John Martin, assistant professor of Astronomy/Physics at UIS, will host the Star Parties, which this fall will focus the observatory's three telescopes on a number of celestial objects, including the giant planet Jupiter and its moons; the Ring Nebula in Lyrae, a star like our sun which has reached the end of its life; the globular cluster M13 in Hercules, which is a ball of one million stars roughly 13 billion years old; other star clusters and double stars; and the moon, when available.
Martin noted that this year a number of activities are also planned in conjunction with the observance of the International Year of Astronomy in 2009. "It's an opportunity for people to share in the history of discovery that has led to our current understanding of our place in the universe," he said.

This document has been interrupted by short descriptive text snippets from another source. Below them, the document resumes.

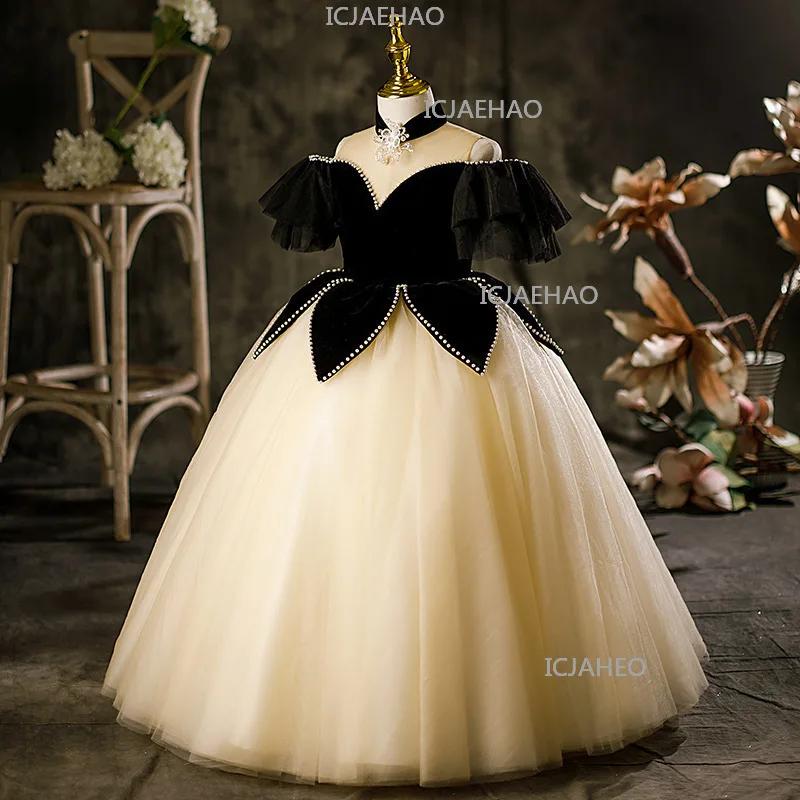 Robe de princesse pour filles, tenue de spectacle de piano pour petite fille, vêtements pour enfants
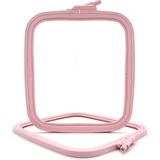 Pembe Orta (No:3) Plastik Kare Nakış Kasnağı, Çapraz Dikiş Çemberleri, Zımba Iğne Halkası - Çok Renkli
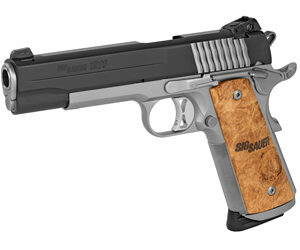 Sig Sauer, 1911M, STX, Massachusetts Compliant, Single Action Only, Semi-automatic, Metal Frame Pistol, Full Size, 45 ACP, 5" Barrel, Steel, Reverse Two-Tone, Burled Maple Grips, Adjustable SIGLITE Night Sights, Ambidextrous Thumb Safety, 8 Rounds, 2 Magazines
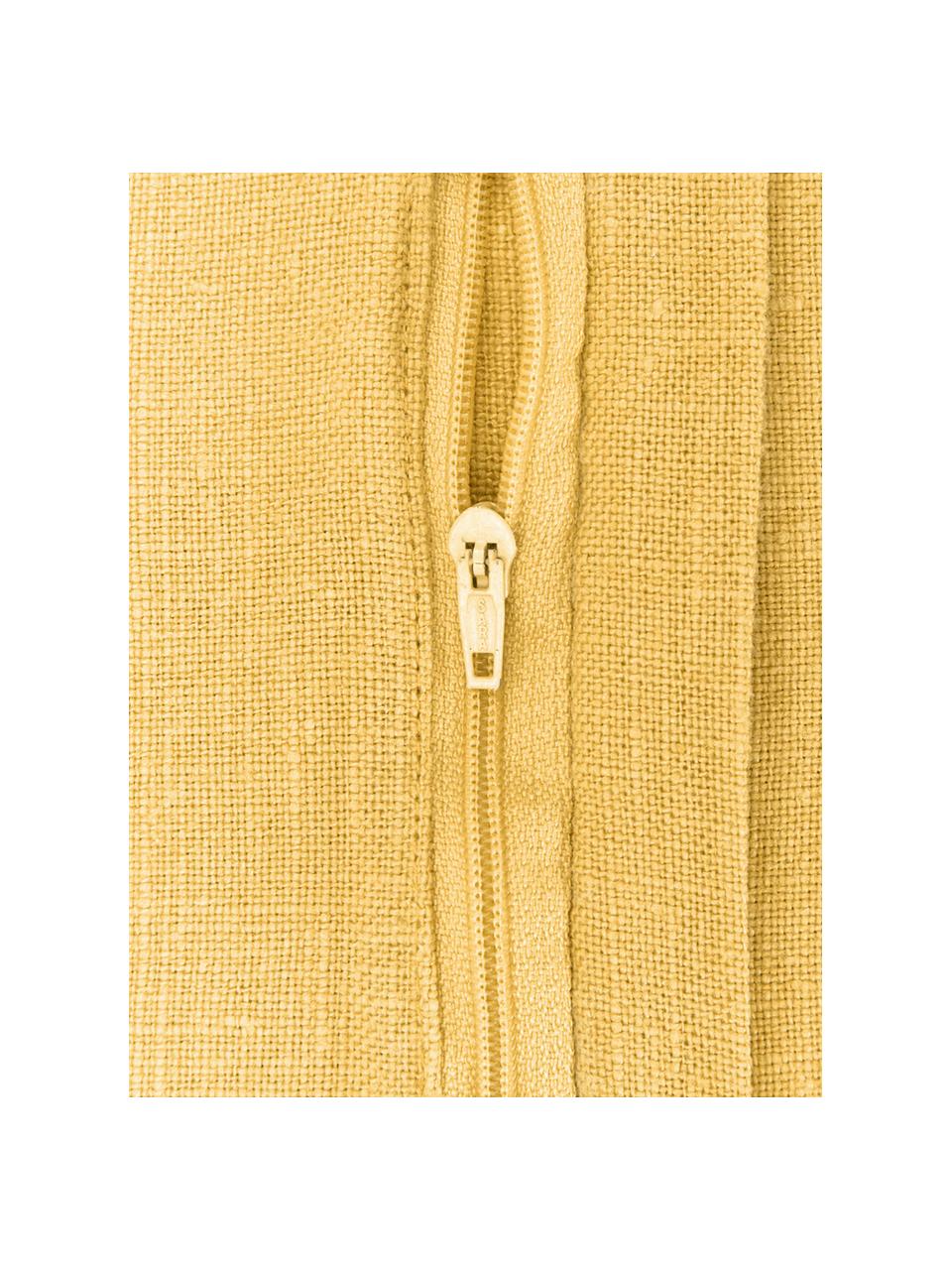 Housse de coussin pur lin jaune Lanya, 100 % lin pur

Par sa nature, le lin a un toucher plutôt rugueux et un aspect naturellement froissé. La grande résistance à la déchirure rend le lin résistant à l'abrasion et à l'usure, Jaune, larg. 30 x long. 50 cm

"In 1609, using his first telescope, Galileo discovered the four moons of Jupiter," Martin explained. "These were the first bodies discovered in our solar system that clearly did not orbit around the Earth. This was an important event in astronomy as well as human history because what Galileo saw convinced him that the Copernican heliocentric (sun-centered) model of the solar system was correct.
"However, we'll offer better views than Galileo got," he added.
Friday Star Parties are free and open to the public. Reservations are not required, and groups are encouraged to attend. The entrance to the campus observatory is located outside Brookens Library on the southeast corner.